Der VW Passat, auf dessen Genen der Superb aufbaut, ist nicht gerade ein rücksitzorientiertes Auto. Der große Skoda aber soll auch als Luxuslimousine beziehungsweise Staatskarosse für osteuropäische Länder in Betracht kommen. Bockelmann richtete also sein Interesse auf die um zehn Zentimeter verlängerte China-Version des Passat, die der Superb-Karosserie üppige Kniefreiheit im Fond beschert. Erfreulicher Nebeneffekt: Das Wachstum vor allem beim Radstand tut auch der gesamten Silhouette gut. Skoda-typische Stilmittel, wie die "schönste Schnauze im ganzen VW-Konzern" (Ferdinand Piëch), die modernen High-Tech-Leuchten sowie die bulligen, in Wagenfarbe lackierten Stoßfänger tragen zu einem weitgehend eigenständigen Erscheinungsbild bei.

Im blitzsauber verarbeiteten Innenraum empfängt die Passagiere eine gediegene Wertanmutung - bis hin zu Holz und Leder in den höheren Ausstattungspaketen. Eine manuell geregelte Klimaanlage, sechs Airbags, elektronisches Fahrstabilitätsprogramm (ESP), Zentralverriegelung sowie getönte Verglasung und eine Beleuchtung, die nach dem Aussteigen noch weiter brennt, damit die Superb-Reisenden den Weg zur Tür finden, gehören zur Grundausstattung. Gegen Aufpreis gibt es natürlich auch so zeitgemäße Zutaten wie ein Navigationssystem oder pfiffige "Bockelmann"-Erfindungen wie das vorklappbare Mittelpolster im Beifahrersitz zum bequemen Hindurchstecken der Beine oder ein wasserdichtes Fach für den Regenschirm in der hinteren Türverkleidung.

Die fünf erhältlichen Vier- und Sechszylinder-Motoren des Fronttrieblers (drei Benziner, zwei Diesel) bieten ein Leistungsspektrum von 115 bis 193 PS. Alle Triebwerke sind aus anderen Konzernmodellen bekannt. Für die beiden Sechszylinder, darunter ein Turbodiesel mit Direkteinspritzung (TDI) mit 155 PS, steht der Fünfgang-Tiptronic-Getriebeautomat zur Verfügung. Mit dem stärksten Motor, der leise und kraftvoll zu Werke geht, läuft nun auch ein Skoda stattliche 237 km/h. Und dies auf sehr komfortable Weise. So, als wäre die Marke immer schon in diesem Segment vertreten gewesen.

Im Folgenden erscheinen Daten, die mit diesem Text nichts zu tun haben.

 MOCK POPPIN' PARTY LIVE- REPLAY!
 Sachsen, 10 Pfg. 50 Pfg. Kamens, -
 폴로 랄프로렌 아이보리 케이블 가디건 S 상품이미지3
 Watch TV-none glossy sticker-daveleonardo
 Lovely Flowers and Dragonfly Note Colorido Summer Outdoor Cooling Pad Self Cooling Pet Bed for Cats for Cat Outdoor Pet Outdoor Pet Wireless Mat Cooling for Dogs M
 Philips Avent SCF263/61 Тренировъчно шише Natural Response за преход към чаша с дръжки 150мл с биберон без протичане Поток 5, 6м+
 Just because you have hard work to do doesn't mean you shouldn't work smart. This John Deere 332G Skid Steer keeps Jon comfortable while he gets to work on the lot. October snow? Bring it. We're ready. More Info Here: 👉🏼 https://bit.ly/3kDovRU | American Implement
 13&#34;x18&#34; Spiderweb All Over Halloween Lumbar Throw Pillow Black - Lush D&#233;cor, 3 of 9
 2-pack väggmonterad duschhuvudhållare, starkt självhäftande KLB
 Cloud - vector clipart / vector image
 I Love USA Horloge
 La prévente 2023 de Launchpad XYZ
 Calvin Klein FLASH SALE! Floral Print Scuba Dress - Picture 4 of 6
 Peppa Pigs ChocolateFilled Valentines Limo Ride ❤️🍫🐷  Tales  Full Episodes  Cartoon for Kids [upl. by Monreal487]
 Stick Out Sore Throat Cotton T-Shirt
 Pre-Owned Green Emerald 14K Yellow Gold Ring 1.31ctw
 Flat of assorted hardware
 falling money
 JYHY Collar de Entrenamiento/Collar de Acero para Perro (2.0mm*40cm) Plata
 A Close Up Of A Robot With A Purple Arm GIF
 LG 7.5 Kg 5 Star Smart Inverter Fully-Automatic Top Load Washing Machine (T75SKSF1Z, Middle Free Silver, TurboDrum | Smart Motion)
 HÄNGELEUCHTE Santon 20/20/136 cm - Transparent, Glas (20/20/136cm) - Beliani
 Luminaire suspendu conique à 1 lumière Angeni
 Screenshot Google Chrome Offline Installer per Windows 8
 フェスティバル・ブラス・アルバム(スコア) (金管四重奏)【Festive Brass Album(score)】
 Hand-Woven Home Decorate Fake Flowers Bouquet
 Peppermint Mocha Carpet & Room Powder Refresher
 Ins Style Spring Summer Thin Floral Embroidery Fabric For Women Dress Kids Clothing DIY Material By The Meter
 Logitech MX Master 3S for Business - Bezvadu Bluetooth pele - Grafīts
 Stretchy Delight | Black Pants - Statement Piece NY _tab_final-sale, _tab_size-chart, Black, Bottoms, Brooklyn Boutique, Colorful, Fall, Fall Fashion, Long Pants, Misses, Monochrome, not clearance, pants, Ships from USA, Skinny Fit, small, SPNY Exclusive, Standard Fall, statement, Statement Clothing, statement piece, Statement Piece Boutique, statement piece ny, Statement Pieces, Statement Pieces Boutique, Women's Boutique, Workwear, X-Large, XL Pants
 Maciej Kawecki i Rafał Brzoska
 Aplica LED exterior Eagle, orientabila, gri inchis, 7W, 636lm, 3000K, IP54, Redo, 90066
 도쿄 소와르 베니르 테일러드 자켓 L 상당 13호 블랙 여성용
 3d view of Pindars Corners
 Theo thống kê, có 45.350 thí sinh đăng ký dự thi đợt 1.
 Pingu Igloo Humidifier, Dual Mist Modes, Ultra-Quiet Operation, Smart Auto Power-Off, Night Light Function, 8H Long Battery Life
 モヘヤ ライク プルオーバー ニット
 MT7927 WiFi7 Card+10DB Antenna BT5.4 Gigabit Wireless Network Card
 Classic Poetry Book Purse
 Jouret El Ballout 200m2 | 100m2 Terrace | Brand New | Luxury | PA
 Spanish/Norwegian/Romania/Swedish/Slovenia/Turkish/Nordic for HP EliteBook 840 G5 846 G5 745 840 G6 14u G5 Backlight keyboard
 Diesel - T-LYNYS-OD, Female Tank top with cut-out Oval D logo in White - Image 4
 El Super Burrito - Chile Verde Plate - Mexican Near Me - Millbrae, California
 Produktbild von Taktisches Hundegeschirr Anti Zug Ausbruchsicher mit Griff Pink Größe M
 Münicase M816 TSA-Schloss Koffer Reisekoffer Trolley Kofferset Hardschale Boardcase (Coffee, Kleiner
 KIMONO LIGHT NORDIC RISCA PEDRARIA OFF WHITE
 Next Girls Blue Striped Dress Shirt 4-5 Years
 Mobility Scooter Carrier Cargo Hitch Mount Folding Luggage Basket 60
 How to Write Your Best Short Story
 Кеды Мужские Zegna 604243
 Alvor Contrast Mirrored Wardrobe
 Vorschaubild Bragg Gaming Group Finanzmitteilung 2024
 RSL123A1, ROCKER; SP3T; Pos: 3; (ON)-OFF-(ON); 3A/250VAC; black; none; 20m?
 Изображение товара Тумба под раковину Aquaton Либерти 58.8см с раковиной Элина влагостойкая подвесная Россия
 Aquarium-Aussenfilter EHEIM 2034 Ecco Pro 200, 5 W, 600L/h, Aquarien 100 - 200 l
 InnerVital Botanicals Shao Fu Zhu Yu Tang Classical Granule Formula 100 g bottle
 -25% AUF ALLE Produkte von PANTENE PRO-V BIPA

Zumindest bis in die 40er-Jahre des vergangenen Jahrhunderts war sie das auch. Die erfolgreiche Geschichte der Marke in den oberen Klassen erreichte 1938 mit einem Superb den damaligen Höhepunkt. Die Qualitäten des neuen Superb, dessen Verkauf im März zu einem Einstiegspreis von 22 390 Euro startet, lassen die strategische Absicht des Volkswagen-Konzerns erkennen. Skoda wird innerhalb der klassischen Säule immer mehr in die einstige Rolle von VW manövriert - als qualitativ hochwertige Einsteigermarke.

Rund 22 000 Superb sollen noch in diesem Jahr verkauft werden, davon 7000 in Deutschland, wo die VW-Tochter ja ebenfalls einen bemerkenswerten Aufstieg vollzogen hat. Im nächsten Jahr sollen dann 32 000 Oberklassemodelle die Marke Skoda erstmals über die Schwelle von 500 000 verkauften Fahrzeugen hieven.